Data breaches have proved that passwords are not that effective even when there’s no human error involved. For passwords to be effective, one needs to use passwords of between 12 characters to 16 characters long.
This also gives rise to another problem given that you are not advised to use a single password for all your accounts – remembering all of them. To ease this, we have a password manager, but even though, you need to have a strong and long master password. This may seem like a good solution till you realize there’s a keylogger in your system. To reduce security flaws and as a way to enhance security, researchers came up with biometric authentication methods. It until recently that they have been put extensively into use especially by smartphones and other industrial applications. Given the two authentication methods, passwords and biometrics, it’s the trust factor that comes to play.
In a research conducted by Help Net Security, a survey was done on 68 percent of European citizens, and the outcome was revealed that it all boils down to trust. According to the research, individuals said their trust level would increase if biometrics were used for multifactor authentication. So, what makes a lot of people to opt for biometrics rather than passwords and passcodes?
Benefits of Biometric Authentication
According to the survey, respondents preferred biometrics and were ready to ditch passwords because; you don’t have to remember your biometrics, change it regularly and even protect it. With biometrics, its also easier to authenticate and they speed up the process. Many believe that biometrics are more secure in which 61% preferred fingerprint scans while the rest liked the idea of iris scanning. Also, TechTarget noted that biometrics would be viable on the Internet of Things as they can replace poorly crafted stock permissions and passwords.
Although authentication varies from one industry to another, it’s expected that biometrics will be sophisticated and be on the rise in the coming days.
How Will Biometrics Impact Security
Even though there are some downsides when it comes to biometrics, it’s for sure that security will improve and become tighter. Regarding the flaws, biometrics implementations will be such that they complement each other while adding another layer of security. For instance, let’s take three common biometrics, voice recognition, iris/facial scanning and fingerprint scanning. A hacker can spoof one of the techs individually but not when they are combined. Combinations make them harder to spoof as well as eliminating their weaknesses.
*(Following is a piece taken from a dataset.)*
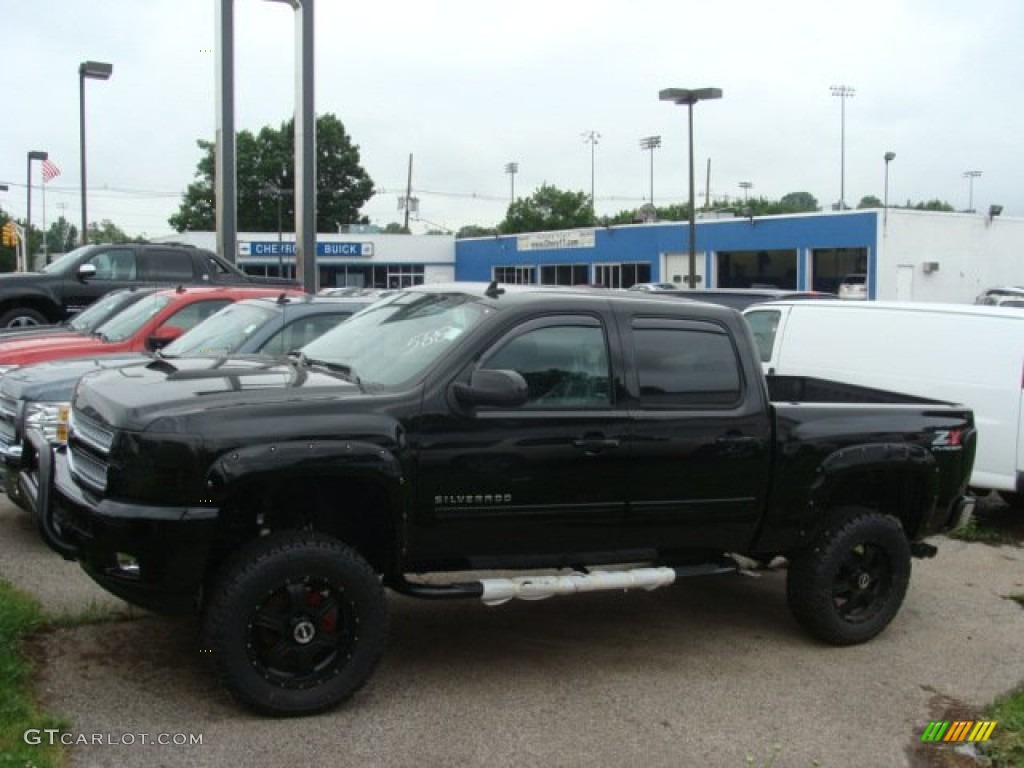 2013 Silverado 1500 LT Crew Cab 4x4 - Black / Ebony photo #1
Mark Nelsen, senior vice president of Risk Products and Business Intelligence at Visa believes using all them at once is better. “For any environment, there isn’t a single perfect authenticator. Voice can be awesome unless you’re in a loud environment, the face can be great unless it’s really dark, the fingerprint is great unless your finger is wet. That’s why we want to incorporate as many as we can and then ultimately we think consumers will decide which they prefer to use.”
According to the current trend, consumers prefer convenience to security. With both biometrics in play, consumers get convenience needs taken cared of at the same time security being buffed up. With the implementation of standards and the right regulations that will clearly stipulate how the biometric data may be collected, used and destroyed, everyone will be ready to ditch their passwords.
Spoofing concerns
Yes, the three famous biometric authentication methods have been spoofed moments after their release. But it wasn’t as easy as you may think. For example, the chaos computer club successfully spoofed the Samsung Galaxy S8’s iris recognition system. For them to be successful, they capture the iris in a night shot mode using a digital camera. They then laser printed it and added a touch of realism – a contact lens for the eyes curvature. Apple’s Face ID has also been spoofed after undergoing many unsuccessful attempts. The one that went through involved a 3D face mask.
An average thief won’t go through these spoofing attempts in order to breach a security system. Even experts are also finding it harder to spoof the biometrics as they are evolving. Just to see how its hard to spoof the biometrics, here is an illustration how they compare to a typical 4-digit pass without the lockdown mechanisms in play. The chances that a random person can gain access via passcodes are 1 in 10000. With the touch ID, the chances get narrow as they reduce to 1 in 50000 to get someone to whose fingerprint might match yours. For Face ID, that chance is even narrower, and they drop to 1/1,000,000. Even twins conducted an experiment to fool the Face ID but all in vain. For mainstream purposes, the odds will continue to be narrower as they evolve.
Emerging trends
Since passwords are more prone to breaches and the current biometrics are not that failproof, there’s a big shift towards more secure methods. In the coming years, fingerprint scanners will not only scan the surface of your skin but also the dermis. Using dummy fingerprints to fool scanners won’t work anymore. Apple took Facial scanning a notch higher by the use of infrared and true depth. It’s for sure the next tech will be more into genetic materials. Currently, treading in the Human authentication, that’s we are working on behavioral biometrics. They analyze interactions, learn and track our movements on the phone such as how we swipe and so on. Combining with another biometric layering, they can when someone is accessing your device illegally. They will then shut it down, send an alert or even engage other security mechanisms.